# Rhinestone Template in Silhouette



## phatpig (Jun 23, 2010)

Hello...I recently purchased the silhouette cameo to make my own rhinestone transfers instead of buying them but am running into trouble actually converting the images/logos into rhinestone designs...can someone help me? I have corel and adobe suite but have no idea of how to vectorize anything...can someone assist me?


----------



## charles95405 (Feb 1, 2007)

I do not think the software that comes with the Cameo will do rhinestone templates. There is a $50 upgrade that will.
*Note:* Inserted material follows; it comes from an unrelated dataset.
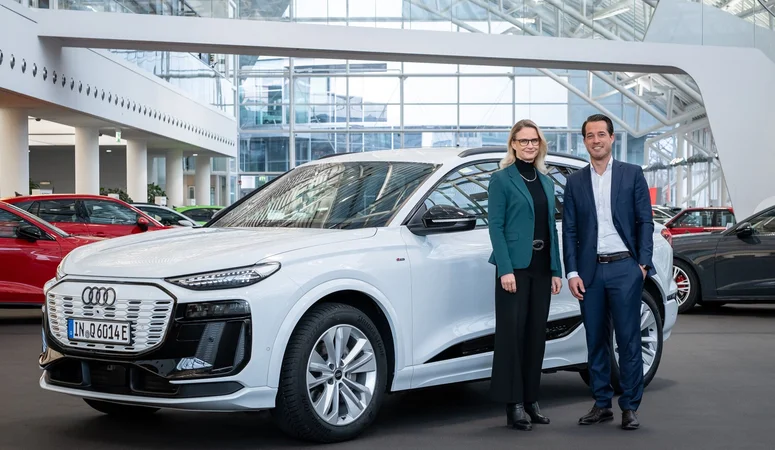 Audi Beschaffungsvorständin Dr.-Ing. Renate Vachenauer (links) und TSR Resource Geschäftsführer Christian Blackert (rechts) stehen vor einem Auto von Audi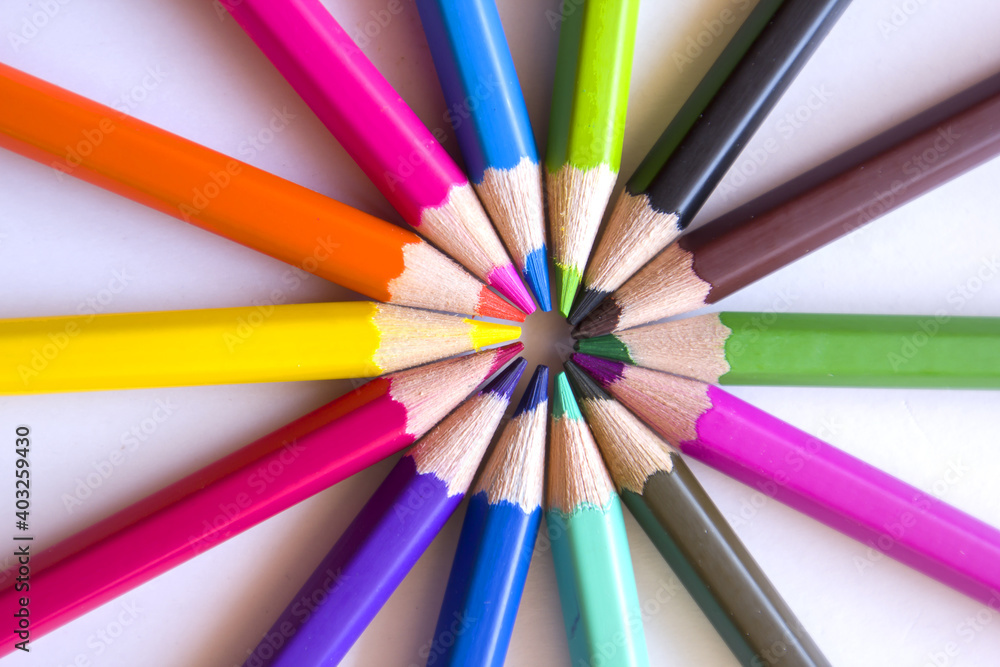 Colored pencils placed in circles on a white background. Colored pencils placed in circles on a white background.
How good Corel and AI will do vectorizing depends on the version you have. Corel X4 is sort of okay but needs tweaking. X5is some better. AI CS4is okay, CS5 is better. But use these programs you need to know how to use node tools to tweak. Vectorizing is not an easy learning curve. And vectorizing any image that has gradients like a photo will drive you crazy.. Best to convert to black and white first.. Suggest you search YouTube for more info on vectorizing


----------



## Riph (Jan 11, 2011)

What Charles said - you can do Rhinestones in Silhouette with the $49.9 upgrade. You can get it here:

Silhouette Studio® Designer Edition

If anyone else is using it, please post your impressions. I'd be interested in hearing how it works for you for Rhinestones. (I have a Cameo, but I'm a total rhinestone noob.)
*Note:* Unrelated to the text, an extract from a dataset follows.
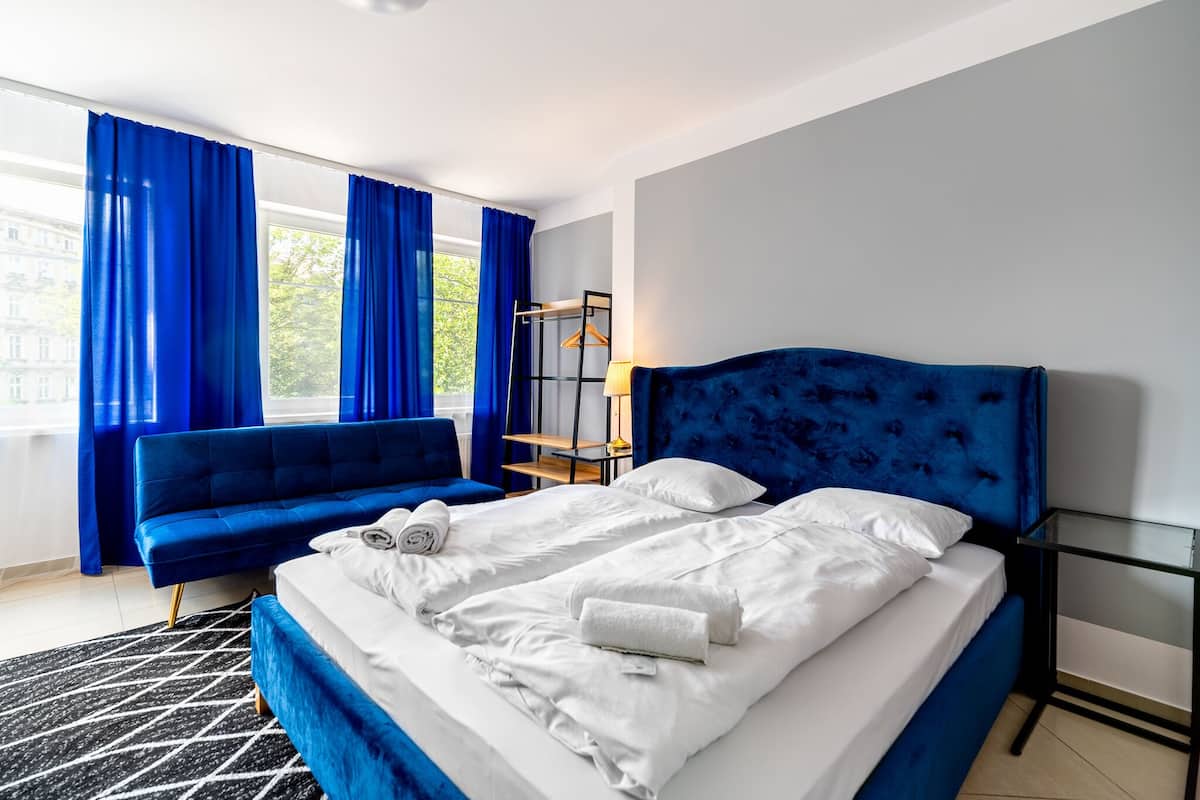 Une chambre d’hôtel moderne avec un grand lit, un canapé bleu et une table en verre.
As for vectorizing, I do it all the time in Corel X5. Import your graphic, then use the Outline Trace tool to vectorize it. It will open up in a window where you can try alot of different settings very easily, and you can see how well it vectorizes your graphic. If you have a specific question, let me know and I can try to help you through it.

Cheers.


----------



## phatpig (Jun 23, 2010)

I have the rhinestone upgrade. I have some logos and other images that I want to convert to rhinestone but can't get the vectorizing part done. Tried to do a live trace in AI but it's not working...maybe I'm not working.


----------



## charles95405 (Feb 1, 2007)

as I said it is not easy...did you watch the youtube tutorials..??? if not, you should


----------